Monday, September 6, 2010

Amy Tan on Creativity

Re-posted from Yasmin's blog: Conversations on Dance: Inspiration, the Creative Habit, and the Artistic Journey


Oh, TED, how I love thee. Technology, Entertainment and Design. Three of my favorite topics merged into, among other outlets, annual conferences and a free online video website of short talks by domain experts that make you go 'hmmmmm." I could peruse TED for hours on end and get my mind and heart poked, prodded and inspired. The TED video in this post is Amy Tan's humorous exploration and explanation of her creative process.

Amy Tan is a Chinese-American writer who penned several best-selling novels, including The Joy Luck Club and The Kitchen God's Wife. Mother/Daughter relationships are a central theme in The Joy Luck Club and also a central theme in her TED talk about developing her creativity.

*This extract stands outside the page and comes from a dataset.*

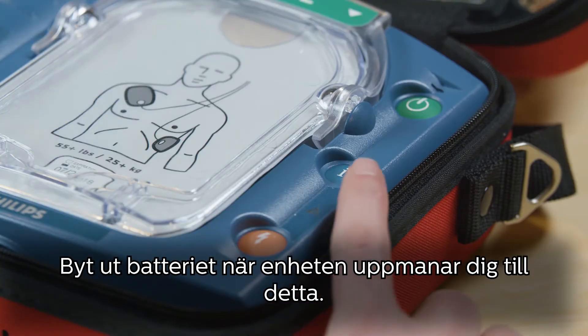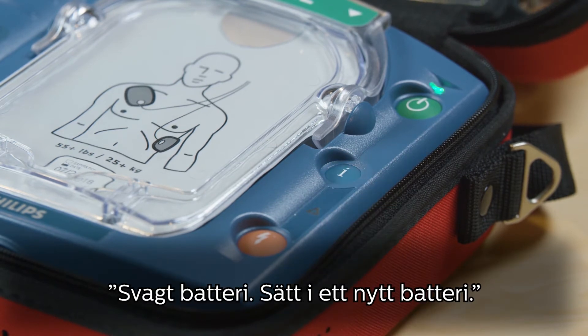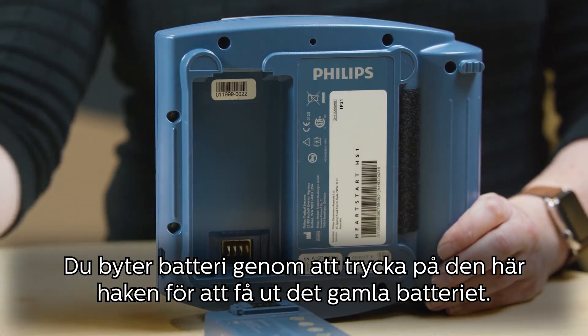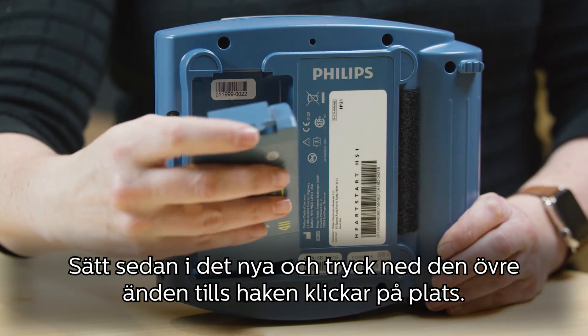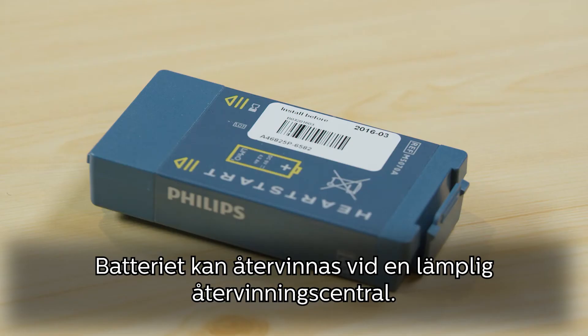Make sure you don't open the film seal of the cartridge until you need to use the pad. Replace your battery when your device alerts you with a low battery warning. To change the battery, press this latch to pop out the old battery and slip in the new battery, pressing the top end down until the latch clicks into place. The battery can be recycled at an appropriate recycling facility.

Other constants on her creative path include synchronicity, uncertainty, moral ambiguity, chance and experience. She poses open-ended questions about where creativity might come from. Could it perhaps stem from a muse chromosome, some cosmic enlightenment, experience from past lives, childhood trauma, identity crisis, and/or neurological quirks such as psychosis or depression?

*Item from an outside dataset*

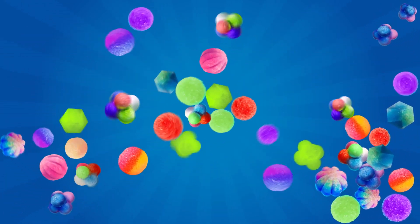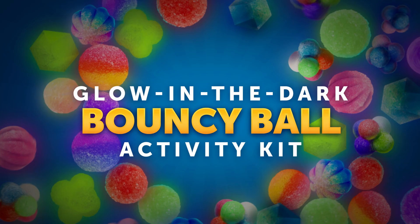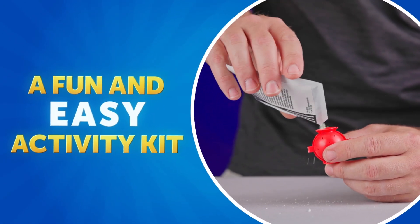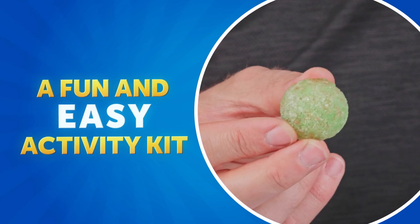Make 45 awesome bouncy balls with Blue Marble's Glow-in-the-Dark Bouncy Ball Activity Kit. This kit comes with everything you need. Simply add your powders to the mold, submerge in water, and soon your ball will be ready to bounce.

Once again, creativity's shadowy companion seems to be some shade of fear. If you visit Amy Tan's website, you'll find a section called Anxiety Tip of the Day with the caption "Don't worry, Be Anxious." In the following two quotes from Amy Tan, her fears include The Internal Censor and Anxiety. Who hasn't felt these particular shadowy companions?

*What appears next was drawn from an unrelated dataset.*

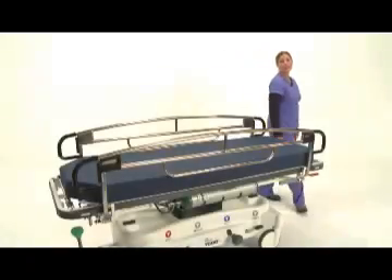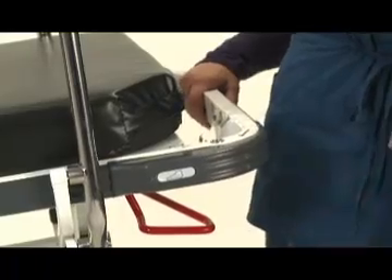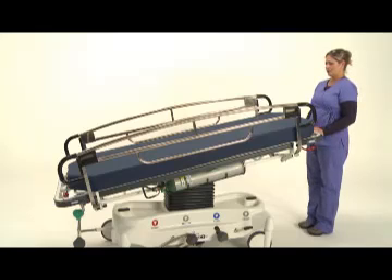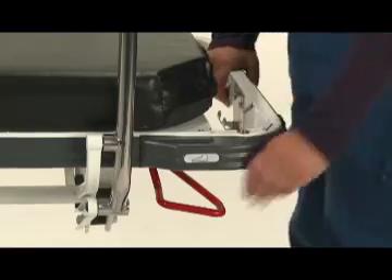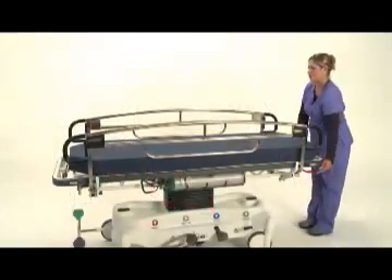Now I'll demonstrate the 7500's Trendelenburg and reverse Trendelenburg function. This is a hand operation on our stretchers. Simply squeeze the red lever and allow the dual pneumatic cylinders to assist in adjusting the degree of trend. To return the litter top to the horizontal position, again squeeze the red lever and push downward until the litter top stops. For reverse Trendelenburg, push the red lever down as well as the litter top at the foot end of the bed to the desired angle.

1. "When I say we, I don't mean you necessarily... I mean me and my right brain, my left brain and the one that's in between that is the censor and tells me what I'm saying is wrong."

2. "There are at least eleven levels of anxiety and they all operate at the same time."

She ends her talk with conviction in hints from the universe and the lack of an absolute truth. Uncertainty is a good thing, she says. This is supported by the title of Tan's website blog "Blur of the Moment: Lack of Clarity is a Writer's Truth." The more Tan is aware of serendipitous events, the more of them occur and the greater focus she receives as she searches for particles of truth. Not an absolute truth, mind you, but particles of truth.